The main goal is to make the expression easier to work with, often by eliminating parentheses and combining like terms.
When simplifying, always follow the order of operations: parentheses, exponents, multiplication and division (from left to right), and addition and subtraction (from left to right).
For example, in the expression -7(4p + 1), you start by focusing on the parentheses.
Always look for opportunities to apply properties like the Distributive Property to break down complex expressions into simpler parts. This process makes solving equations and understanding relationships between variables much more manageable.

Algebraic multiplication involves multiplying coefficients and variables.

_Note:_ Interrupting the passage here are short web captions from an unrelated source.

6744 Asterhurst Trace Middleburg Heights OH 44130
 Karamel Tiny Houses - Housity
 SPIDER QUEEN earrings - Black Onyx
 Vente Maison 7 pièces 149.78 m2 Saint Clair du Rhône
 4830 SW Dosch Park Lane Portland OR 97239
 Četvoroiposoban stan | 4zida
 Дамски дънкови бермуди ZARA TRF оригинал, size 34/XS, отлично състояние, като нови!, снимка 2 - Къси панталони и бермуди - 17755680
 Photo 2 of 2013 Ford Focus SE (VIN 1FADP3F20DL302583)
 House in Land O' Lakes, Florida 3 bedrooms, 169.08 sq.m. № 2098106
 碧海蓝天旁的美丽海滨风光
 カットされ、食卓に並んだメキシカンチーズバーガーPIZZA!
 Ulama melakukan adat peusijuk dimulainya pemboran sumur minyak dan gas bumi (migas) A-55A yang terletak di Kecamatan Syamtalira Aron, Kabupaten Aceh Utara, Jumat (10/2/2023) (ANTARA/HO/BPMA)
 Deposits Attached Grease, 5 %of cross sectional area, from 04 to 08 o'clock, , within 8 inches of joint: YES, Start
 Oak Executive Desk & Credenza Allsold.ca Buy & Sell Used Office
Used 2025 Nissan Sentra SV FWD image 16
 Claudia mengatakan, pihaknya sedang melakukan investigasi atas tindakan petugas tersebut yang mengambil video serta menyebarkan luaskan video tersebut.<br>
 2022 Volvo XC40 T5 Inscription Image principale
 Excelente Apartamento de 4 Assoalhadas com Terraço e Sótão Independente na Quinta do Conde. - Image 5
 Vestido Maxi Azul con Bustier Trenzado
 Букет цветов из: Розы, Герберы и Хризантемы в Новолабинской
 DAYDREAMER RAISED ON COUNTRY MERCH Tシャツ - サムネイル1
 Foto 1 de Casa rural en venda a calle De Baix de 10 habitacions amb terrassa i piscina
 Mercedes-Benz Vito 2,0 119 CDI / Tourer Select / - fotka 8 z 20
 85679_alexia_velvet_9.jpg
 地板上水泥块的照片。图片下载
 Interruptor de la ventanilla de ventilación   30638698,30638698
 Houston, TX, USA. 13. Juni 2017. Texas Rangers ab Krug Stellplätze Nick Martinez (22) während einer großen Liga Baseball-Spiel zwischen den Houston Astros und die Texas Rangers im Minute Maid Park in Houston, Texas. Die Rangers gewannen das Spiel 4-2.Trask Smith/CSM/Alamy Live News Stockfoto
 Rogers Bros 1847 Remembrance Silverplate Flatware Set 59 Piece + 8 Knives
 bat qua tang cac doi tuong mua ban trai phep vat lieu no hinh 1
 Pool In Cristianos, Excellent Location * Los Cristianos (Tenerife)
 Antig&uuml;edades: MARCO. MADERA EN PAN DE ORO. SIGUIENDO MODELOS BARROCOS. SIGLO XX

In our exercise, we see -7(4p + 1). Here, -7 is multiplied by both 4p and 1.
This showcases the Distributive Property: \(a(b+c)=ab+ac\).
First, multiply -7 by 4p: \(-7 * 4p\). This gives us \(-28p\).
Next, multiply -7 by 1: \(-7 * 1\), which results in \-7\.
The Distributive Property is especially useful when dealing with parentheses in algebraic expressions, as it allows you to systematically break down and simplify the equation step-by-step.
Remember, each term within the parentheses must be multiplied by the term outside before proceeding to any additional simplification steps.

After using algebraic multiplication, the next step is combining like terms.
Like terms are terms that have the same variables raised to the same power.
For example, in the expression -28p - 7, there aren't any like terms to combine since -28p has a variable part and -7 is a constant.
However, if you had an expression like \(-28p - 7 + 5p\), you would combine -28p and 5p to get \(-23p\).
Always identify and group like terms first before performing any addition or subtraction.
This process simplifies expressions and makes solving equations more direct and less error-prone.